Please give the entries again in full and exactly, without any picture.

--- --- ---

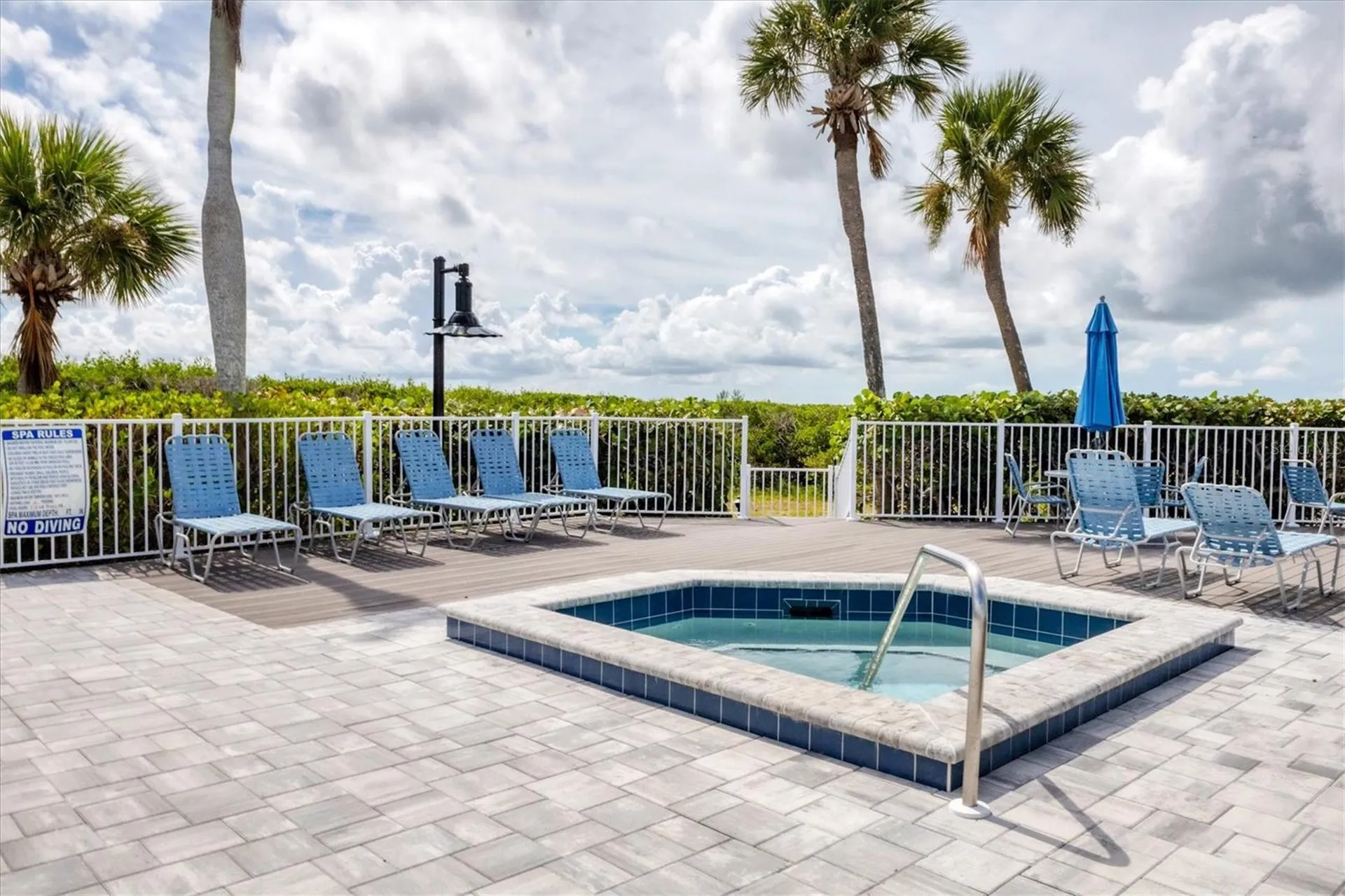 6000 Boca Grande Causeway Boca Grande FL 33921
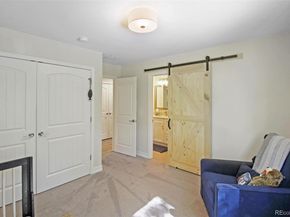 1750 E Noble Place, Centennial CO 80121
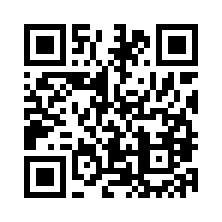 QR Code for 12proW4sGdg8pCd7Jp2Enex1vnSoNLE2hF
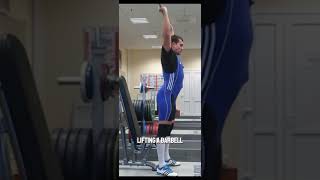 The 5 most useless and injuryprone exercises health nutrition sports [upl. by Meibers]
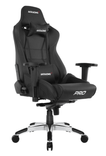 AKRacing Master Pro Gaming-Stuhl für 353,99€ inkl. Versand (statt 444€)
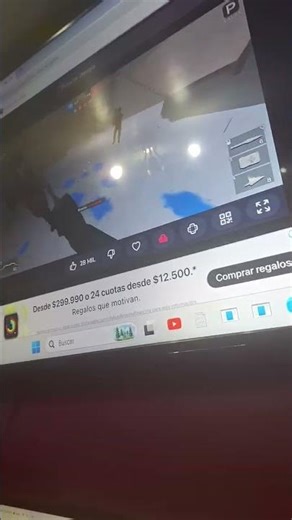 7 de diciembre de 2025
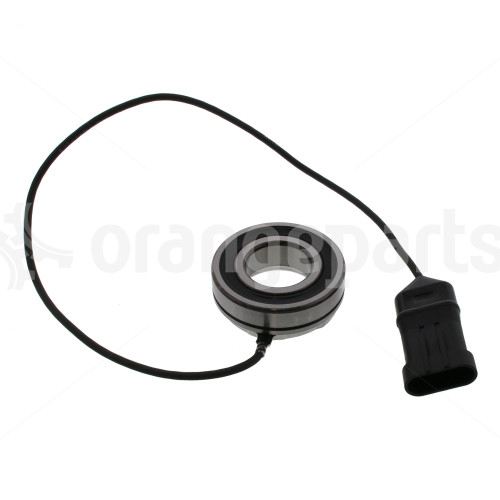 HYSTER 800135561 BEARING WITH SENSOR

--- --- ---

## Finished task
 6000 Boca Grande Causeway Boca Grande FL 33921
 1750 E Noble Place, Centennial CO 80121
 QR Code for 12proW4sGdg8pCd7Jp2Enex1vnSoNLE2hF
 The 5 most useless and injuryprone exercises health nutrition sports [upl. by Meibers]
 AKRacing Master Pro Gaming-Stuhl für 353,99€ inkl. Versand (statt 444€)
 7 de diciembre de 2025
 HYSTER 800135561 BEARING WITH SENSOR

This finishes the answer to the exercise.